Wat gaat in ieder geval niet gebeuren? Er komt geen nulmeting. Ten eerste is dit kostbaar omdat voor een gelijke uitgangspositie dit voor alle gebouwen (10.000 !!) zal moeten worden uitgevoerd. Een nulmeting van alle schoolgebouwen voor het primair onderwijs in Nederland zou al snel een slordige 20 miljoen euro kosten. Ten tweede is een nulmeting omslachtig, doorgaans beschikt de gemeente over een meerjarenonderhoudsplan dat voldoende inzicht geeft in de staat van een gebouw. Ook komt er geen afrekening met de gemeentebesturen. Dit is juridisch onmogelijk. De middelen die een gemeente ontvangt van de overheid, zijn via een algemene uitkering (te vergelijken met de lumpsum in het onderwijs) in het gemeentefonds toegekend. Een afrekening zou een achteraf oormerken van de gelden in het gemeentefonds inhouden. Bovendien is het praktisch onmogelijk.

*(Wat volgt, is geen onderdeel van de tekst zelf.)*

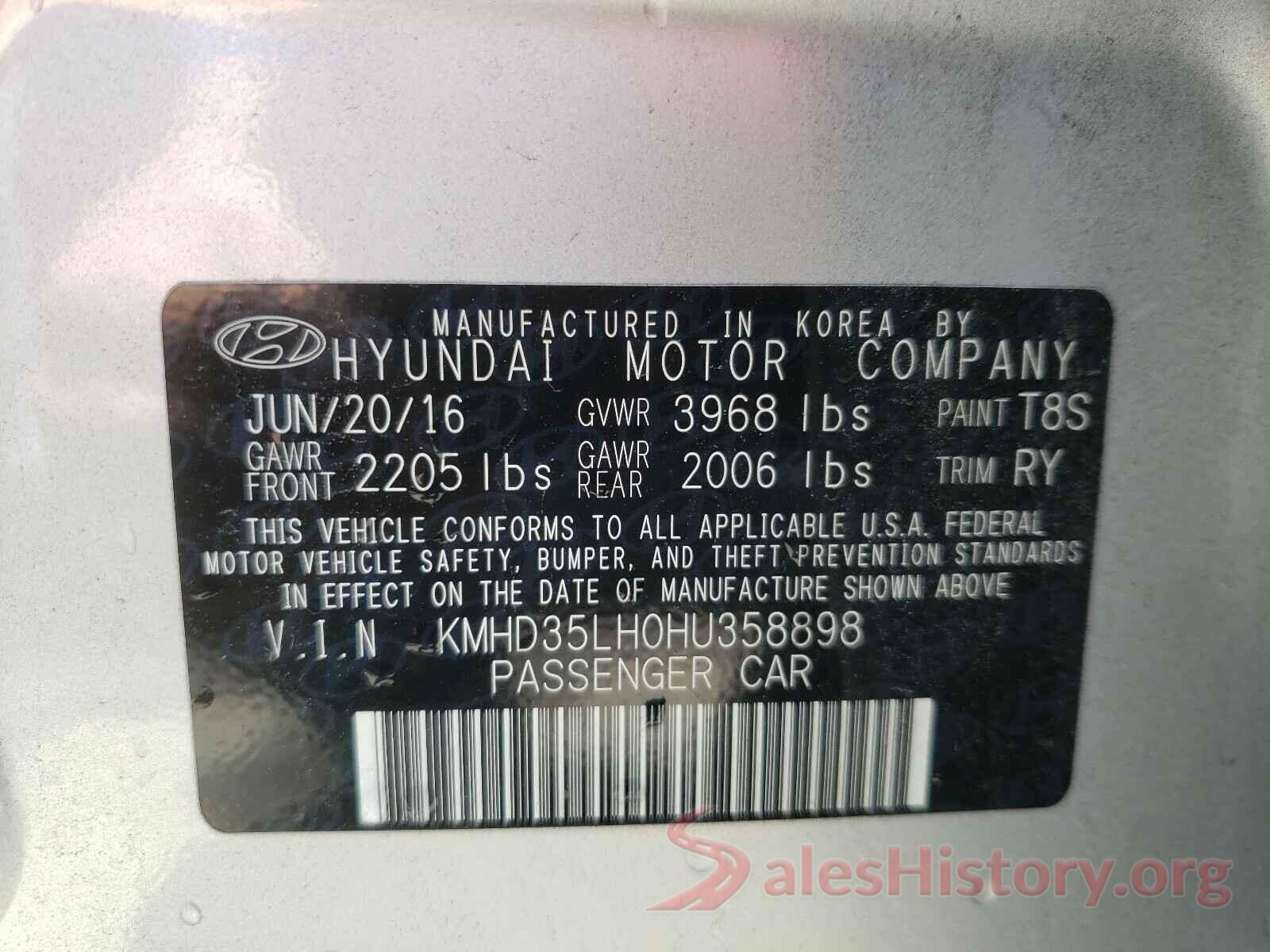 KMHD35LH0HU358898 2017 HYUNDAI ELANTRA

Er zou teruggerekend moeten worden tot 1996, het moment van invoering van de huidige huisvestingsregelingen, om te bepalen hoeveel geld er voor onderwijs bestemd was. Vervolgens is het dan nog onmogelijk vast te stellen welk deel van dit bedrag eigenlijk bedoeld was voor het onderhoud van de scholen. Verder zou een afrekening betekenen dat er ook veel schoolbesturen geld terug moeten betalen aan hun gemeente. Waar de ene gemeente namelijk veel te weinig aan het buitenonderhoud van schoolgebouwen in het primair onderwijs heeft uitgegeven, heeft een andere hier heel veel extra in geïnvesteerd.

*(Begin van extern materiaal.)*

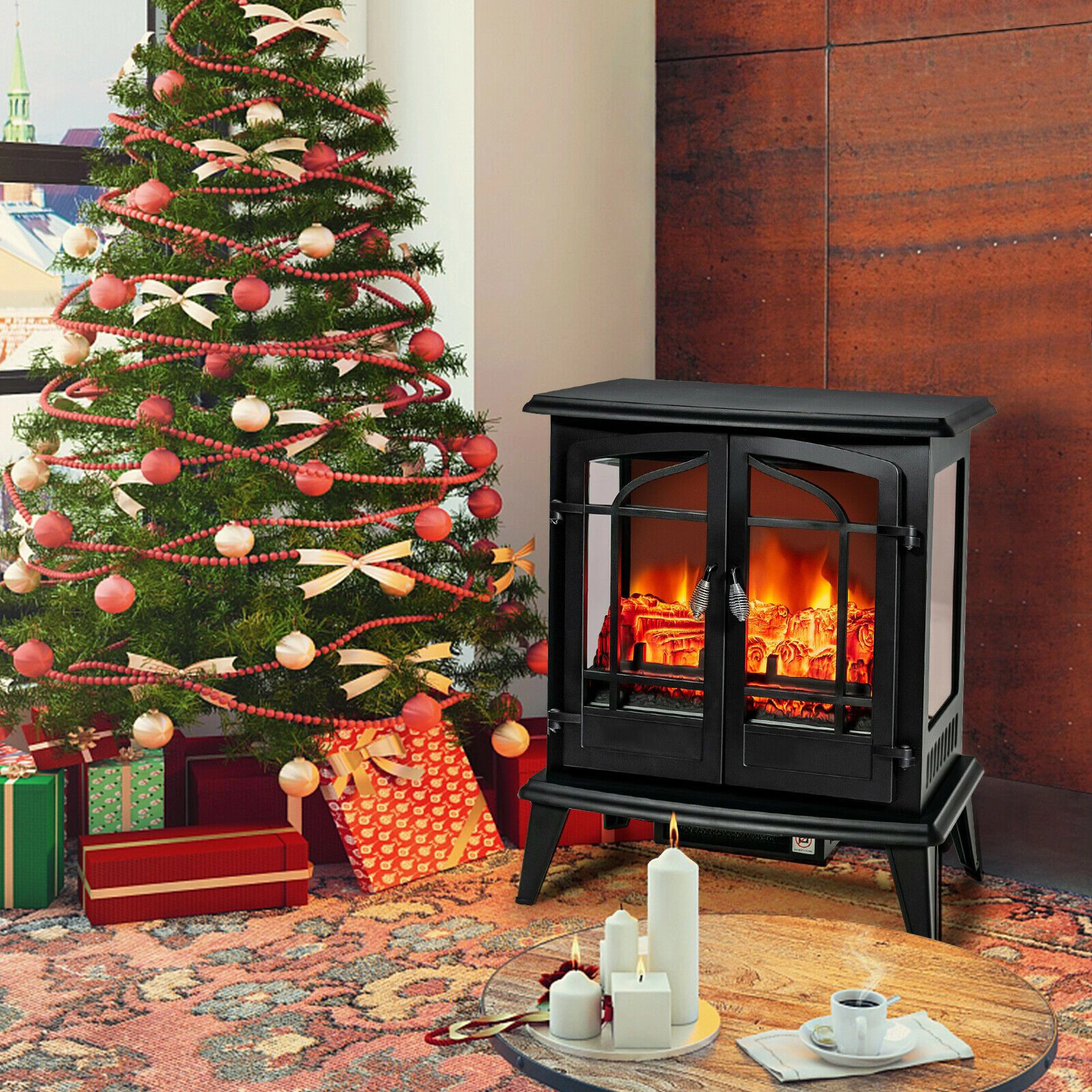 SlickBlue Black Iron Glass Electric Fireplace Heater, 1400W, 4777 BTU, 3-Sided Flame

Feiten Alleen 120 de onderhoudstaken van de buitenkant van de schoolgebouwen worden overgeheveld. Alle andere taken blijven bij de gemeente. Er wordt waarschijnlijk 158,8 miljoen euro structureel uit het Gemeentefonds gehaald en toegevoegd aan de lumpsum. Dit bedrag zou technisch gezien toereikend moeten zijn om het onderhoud van schoolgebouwen op peil te houden en de bijbehorende personele inzet te bekostigen. Het bedrag dat nodig is voor het uitvoeren van buitenonderhoud, komt overeen met ca. 1,5% van de lumpsum. Binnenonderhoud is ongeveer twee keer zo duur als buitenonderhoud. Wel vergt buitenonderhoud doorgaans grotere investeringen ineens. Er komt een overgangsmaatregel op basis van de leeftijd van de gebouwen, een vangnet, en waarschijnlijk een waarborgfonds. Ruimte-OK kan u ondersteunen bij de nieuwe verantwoordelijkheden die de overheveling van het buitenonderhoud met zich mee brengt. Als schoolbestuurder wordt u niet verantwoordelijk voor het onderhoud van de gymzalen. De PO-Raad stuurt aan op de belangrijkste randvoorwaarden die schoolbesturen aan de overheveling buitenonderhoud hebben gesteld: een overgangsregeling op basis van de leeftijd van de gebouwen, een waarborgfonds, een vangnet voor besturen die financieel in de problemen komen en ondersteuning in de vorm van Ruimte-OK. Een schoolbestuur heeft aan de overheveling geen extra uitvoeringslast, het takenpakket blijft hetzelfde, maar het aanvraagtraject bij de gemeente verdwijnt.